Assuring high quality of data in CYBELE
CYBELE aims to handle numerous datasets of different volumes, types and formats coming from many different sources, such as agriculture, aquaculture, livestock farming, meteorology and others. In order to get meaningful results with added value from the analysis of these datasets, the high quality of the data is more than important. In this context, datasets that are collected from CYBELE will undergo various processes before their storage in CYBELE repositories for analytical and other purposes. The bouquet of these processes comprises the Data Check-In phase of the CYBELE platform.
More specifically, in the beginning, a dataset will be ingested either in real time or in batch form through different ways.
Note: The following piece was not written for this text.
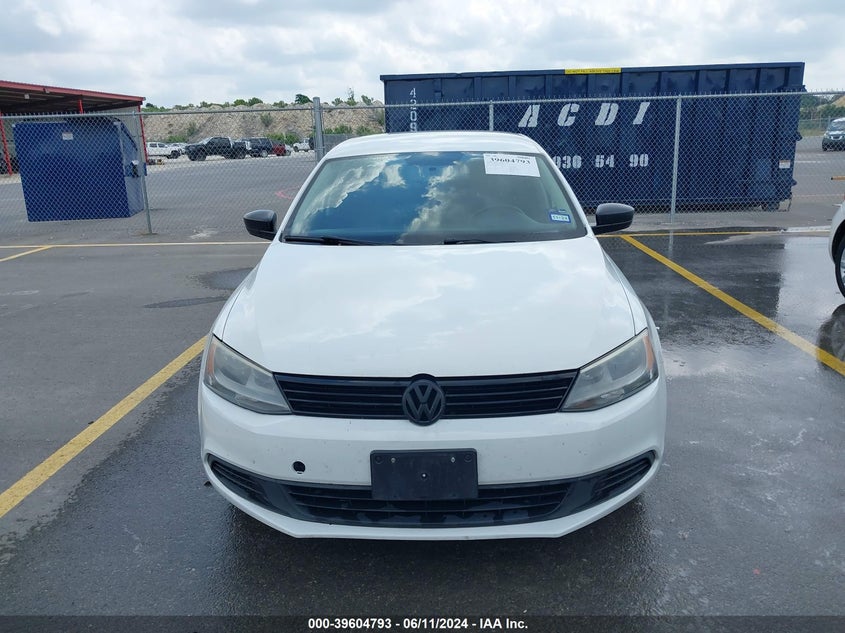 2013 Volkswagen Jetta 2.0L S VIN: 3VW2K7AJ8DM225656 Lot: 39604793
It may indicatively be collected through a web link, an API or be uploaded as a file by its data provider. The attributes of the dataset will be mapped to the Common Semantic Model, which constitutes a common language among the different datasets residing in CYBELE. Moreover, smart linking with other datasets in CYBELE platform may be indirectly applied through the model in order to create new even more enriched datasets.
As a dataset may comply with data privacy legislations, it shall also pass through anonymization checks, when necessary, in order to protect any sensitive or personal data. Many different anonymization methods can be applied depending of the needs of the data provider, such as generalization, pseudo-anonymization, permutation, perturbation and differential privacy.
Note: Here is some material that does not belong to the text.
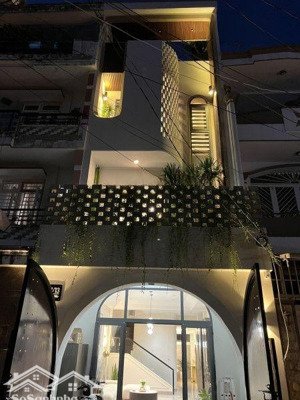 ngay đại học hồng bàng- nhà mới xây năm 2022- điện biên phủ, phường 15- dt 4,5x15m- giá 11 tỷ tl.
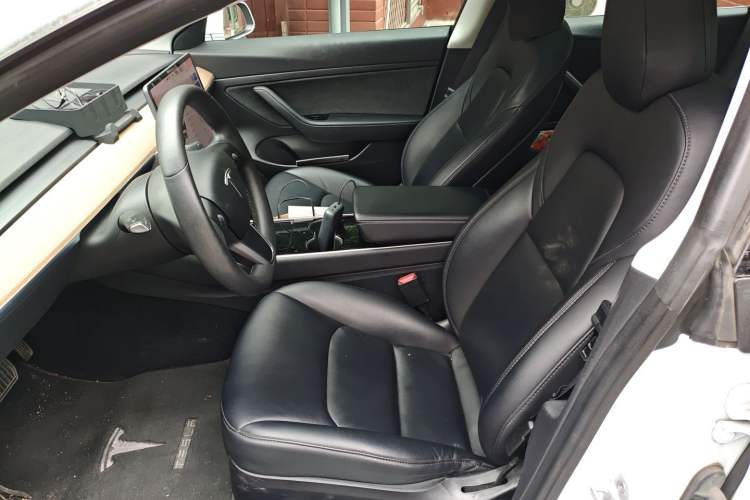 Used Tesla Model 3 2019 Standard Range Rear-Wheel Drive Upgraded Version (52 kWh) Left Front Seat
Afterwards, the dataset will go through the quality checks where it will be cross-checked against certain validation rules. Practically, the dataset will undergo a curation process if any errors, like missing or incorrect values, have been found during the previous quality checks, according to the provider’s preferences. Such curation methods that address these errors are data replacement, data reduction, data normalization, missing data imputation, duplicate data elimination and data parsing and increase the data quality in terms of completeness, consistency, conformity, accuracy, integrity and timeliness.
The data provider will then assign the metadata of the dataset that refer to its licensing details and corresponding data access policy. In addition, the dataset will be enriched with additional attributes that will help subsequently in the analytical processes.
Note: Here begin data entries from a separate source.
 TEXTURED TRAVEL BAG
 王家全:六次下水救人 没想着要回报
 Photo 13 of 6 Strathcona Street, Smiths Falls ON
Finally, the collected dataset will be registered in the CYBELE platform, facilitating analytical purposes through the guaranteed top quality of its data after passing through all the previous steps. As the Data Check-In phase is a lifecycle procedure, any future modifications on the data and/or metadata of the dataset ingested in CYBELE will trigger the necessary Data Check-in processes in order to accommodate these changes and manage the versioning of the dataset, ensuring in that way its veracity and timeliness.